Под текстом стояли две подписи — самого Шацкина и секретаря комсомольской ячейки Невского машиностроительного завода, члена молодежной хозрасчетной бригады. Статья довольно грамотно излагала принципы организации такой бригады, перечисляла трудности на пути ее создания и налаживания эффективной работы. Не пропагандистский шедевр, конечно, но все вроде правильно и изложено доступным языком. Кроме того, не была забыта и ссылка на резолюцию XIII съезда РКП(б) 'О работе среди молодежи'. Шацкин пояснил, что он с группой других членов РКСМ немало поработал над тем, чтобы подправить первоначальный проект резолюции в нужном духе.

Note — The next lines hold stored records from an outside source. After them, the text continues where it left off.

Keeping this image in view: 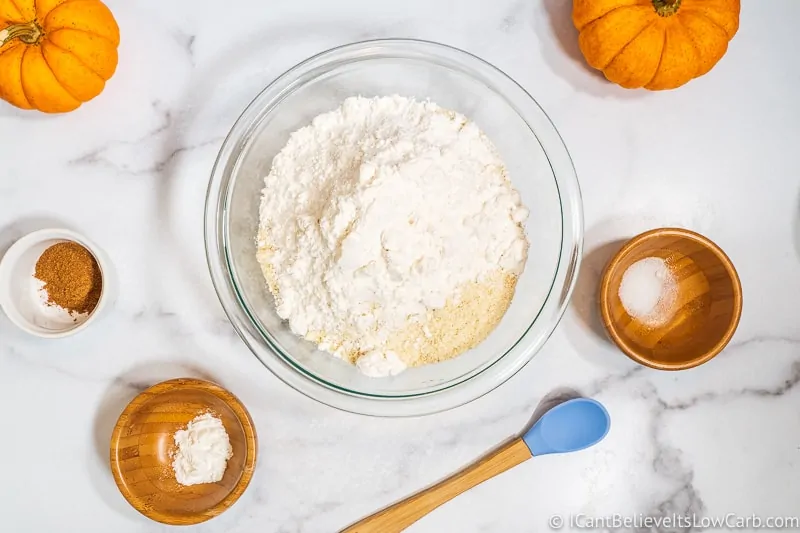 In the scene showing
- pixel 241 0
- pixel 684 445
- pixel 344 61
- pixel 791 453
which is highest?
pixel 241 0

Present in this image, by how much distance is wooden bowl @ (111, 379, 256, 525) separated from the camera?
1.28 m

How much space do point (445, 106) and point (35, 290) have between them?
99cm

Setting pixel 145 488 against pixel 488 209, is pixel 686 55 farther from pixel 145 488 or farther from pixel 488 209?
pixel 145 488

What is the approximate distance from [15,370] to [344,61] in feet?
3.32

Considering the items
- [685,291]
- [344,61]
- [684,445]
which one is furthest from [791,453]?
[344,61]

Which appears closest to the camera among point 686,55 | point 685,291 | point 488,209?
point 488,209

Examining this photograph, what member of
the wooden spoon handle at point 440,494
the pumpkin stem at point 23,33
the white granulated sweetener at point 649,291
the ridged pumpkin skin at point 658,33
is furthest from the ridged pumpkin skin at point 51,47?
the white granulated sweetener at point 649,291

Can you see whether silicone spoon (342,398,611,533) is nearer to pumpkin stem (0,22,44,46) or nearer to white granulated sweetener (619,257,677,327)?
white granulated sweetener (619,257,677,327)

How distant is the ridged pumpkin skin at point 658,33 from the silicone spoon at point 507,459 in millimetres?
724

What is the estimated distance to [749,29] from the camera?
1429mm

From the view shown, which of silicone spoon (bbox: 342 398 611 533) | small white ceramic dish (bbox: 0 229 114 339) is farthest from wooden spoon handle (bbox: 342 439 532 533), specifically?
small white ceramic dish (bbox: 0 229 114 339)

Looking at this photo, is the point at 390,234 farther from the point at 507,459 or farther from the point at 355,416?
the point at 507,459

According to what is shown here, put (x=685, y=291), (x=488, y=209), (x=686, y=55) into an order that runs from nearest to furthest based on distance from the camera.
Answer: (x=488, y=209), (x=686, y=55), (x=685, y=291)

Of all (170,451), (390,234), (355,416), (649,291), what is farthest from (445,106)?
(170,451) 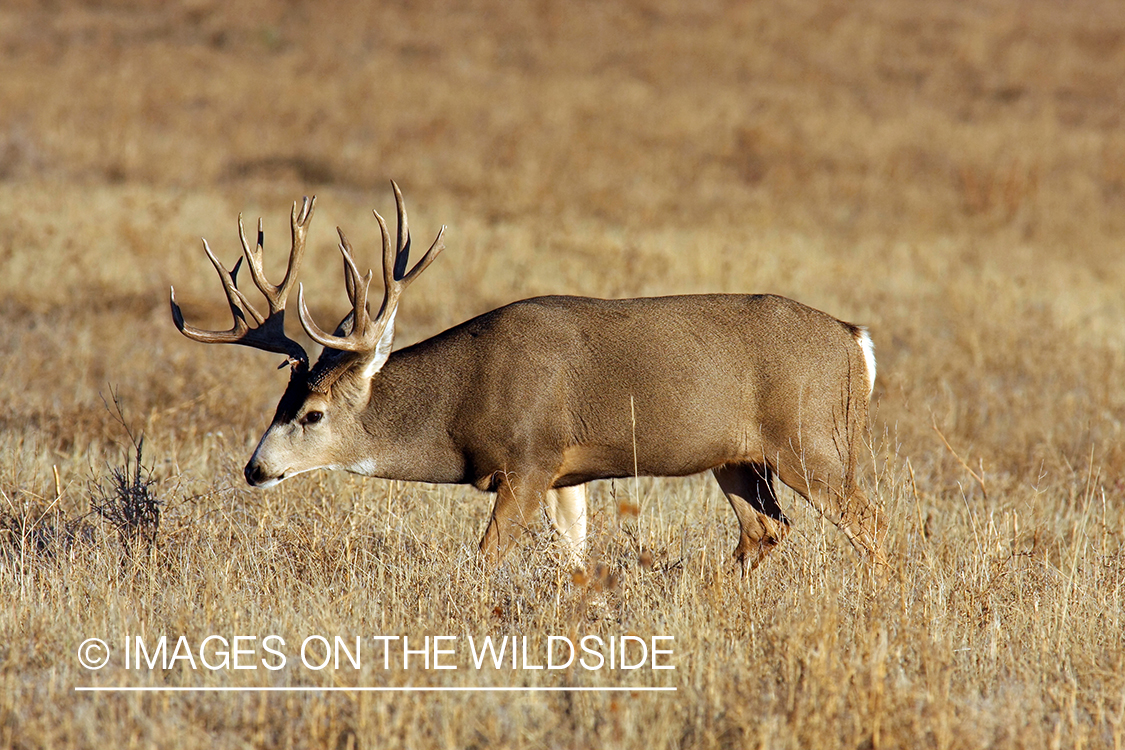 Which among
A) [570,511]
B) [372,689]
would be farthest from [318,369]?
[372,689]

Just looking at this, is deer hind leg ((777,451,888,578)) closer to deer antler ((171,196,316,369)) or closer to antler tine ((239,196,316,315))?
deer antler ((171,196,316,369))

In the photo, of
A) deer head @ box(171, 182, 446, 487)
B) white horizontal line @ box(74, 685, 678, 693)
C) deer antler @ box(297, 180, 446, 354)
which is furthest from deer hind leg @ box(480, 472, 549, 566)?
white horizontal line @ box(74, 685, 678, 693)

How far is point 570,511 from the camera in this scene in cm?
635

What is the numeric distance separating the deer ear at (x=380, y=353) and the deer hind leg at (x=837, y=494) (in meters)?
1.99

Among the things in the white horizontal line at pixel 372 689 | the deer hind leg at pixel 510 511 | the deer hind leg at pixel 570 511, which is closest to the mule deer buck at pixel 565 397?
the deer hind leg at pixel 510 511

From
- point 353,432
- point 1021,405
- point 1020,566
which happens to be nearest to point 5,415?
point 353,432

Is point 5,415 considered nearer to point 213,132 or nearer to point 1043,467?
point 1043,467

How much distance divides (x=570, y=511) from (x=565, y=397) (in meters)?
0.91

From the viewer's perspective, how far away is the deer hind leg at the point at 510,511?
5.52 meters

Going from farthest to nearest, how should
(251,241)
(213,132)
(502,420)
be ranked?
(213,132), (251,241), (502,420)

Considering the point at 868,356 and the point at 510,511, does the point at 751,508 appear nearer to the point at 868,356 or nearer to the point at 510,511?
the point at 868,356

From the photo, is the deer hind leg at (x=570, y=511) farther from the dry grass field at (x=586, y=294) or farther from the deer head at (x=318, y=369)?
the deer head at (x=318, y=369)

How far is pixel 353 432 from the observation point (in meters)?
5.88

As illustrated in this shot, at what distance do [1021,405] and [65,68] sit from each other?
2142 centimetres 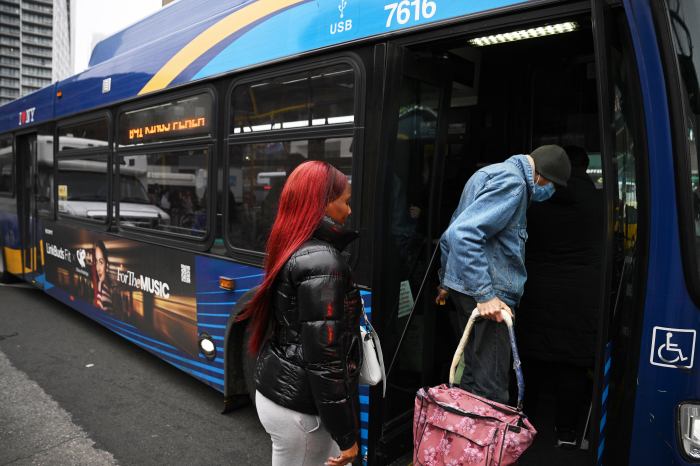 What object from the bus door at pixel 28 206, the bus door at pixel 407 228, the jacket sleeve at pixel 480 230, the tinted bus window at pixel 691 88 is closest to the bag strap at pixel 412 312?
the bus door at pixel 407 228

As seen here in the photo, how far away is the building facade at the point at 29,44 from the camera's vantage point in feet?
322

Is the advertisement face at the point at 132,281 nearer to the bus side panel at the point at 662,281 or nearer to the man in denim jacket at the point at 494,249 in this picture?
the man in denim jacket at the point at 494,249

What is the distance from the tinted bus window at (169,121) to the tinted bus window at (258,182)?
44 cm

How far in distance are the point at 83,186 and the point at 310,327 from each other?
4.65 meters

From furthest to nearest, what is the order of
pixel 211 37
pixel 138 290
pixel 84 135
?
1. pixel 84 135
2. pixel 138 290
3. pixel 211 37

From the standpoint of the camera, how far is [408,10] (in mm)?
2428

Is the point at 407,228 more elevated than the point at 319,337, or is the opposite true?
the point at 407,228

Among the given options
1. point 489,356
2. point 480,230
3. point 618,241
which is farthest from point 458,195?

— Наши ребята-комсомольцы из числа делегатов съезда протолкнули меня в редакционную комиссию по доработке резолюции, — рассказал Шацкин. — Да, там пришлось глотку рвать от души. В проекте резолюции содержалась такая формулировка: 'Члены РКСМ должны, таким образом, систематически вовлекаться под руководством партии в работу профсоюзов, в частности завкомов, кооперативов; в работу по шефству над деревней, по организации нового быта (дома-коммуны и т. д.), по ликвидации неграмотности, борьбе с беспризорностью; в работу по поднятию производства (производственные конференции, НОТ и т. д.)'. Я предложил дополнить ее такой фразой: 'Организации РКСМ должны вести самостоятельную настойчивую работу по поиску и испытанию на деле новых, живых форм вовлечения рабочей молодежи в решение производственных вопросов'. Что тогда началось! — Лицо Лазаря приобрело довольно-мечтательное выражение, как у кота, вспомнившего о целой миске съеденной сметаны. — Члены комиссии сразу же потребовали вырезать слово 'самостоятельную'. После долгой ругани я уступил. Потом эту фразу потребовали подверстать к той, которая была в проекте, чтобы исходная формула 'Члены РКСМ должны, таким образом, систематически вовлекаться под руководством партии...' относилась и к моему добавлению. После еще более яростной ругани так и решили, хотя я все равно не согласился. А в результате оказалось, что 'под руководством партии' члены РКСМ должны искать новые формы вовлечения рабочей молодежи в решение производственных вопросов. И теперь мы на вполне официальном основании требуем от партийных комитетов, чтобы они руководили организацией хозрасчетных бригад! — Лазарь довольно рассмеялся, но потом посерьезнел и добавил: — Впрочем, на практике это далеко не всегда помогает.